**DATA EXTRACT:**
== == ==
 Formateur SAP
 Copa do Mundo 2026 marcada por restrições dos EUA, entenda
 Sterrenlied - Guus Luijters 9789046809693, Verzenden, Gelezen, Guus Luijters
== == ==
**TASK PROMPT:** Copy the full listing exactly.

**SOLUTION:**
 Formateur SAP
 Copa do Mundo 2026 marcada por restrições dos EUA, entenda
 Sterrenlied - Guus Luijters 9789046809693, Verzenden, Gelezen, Guus Luijters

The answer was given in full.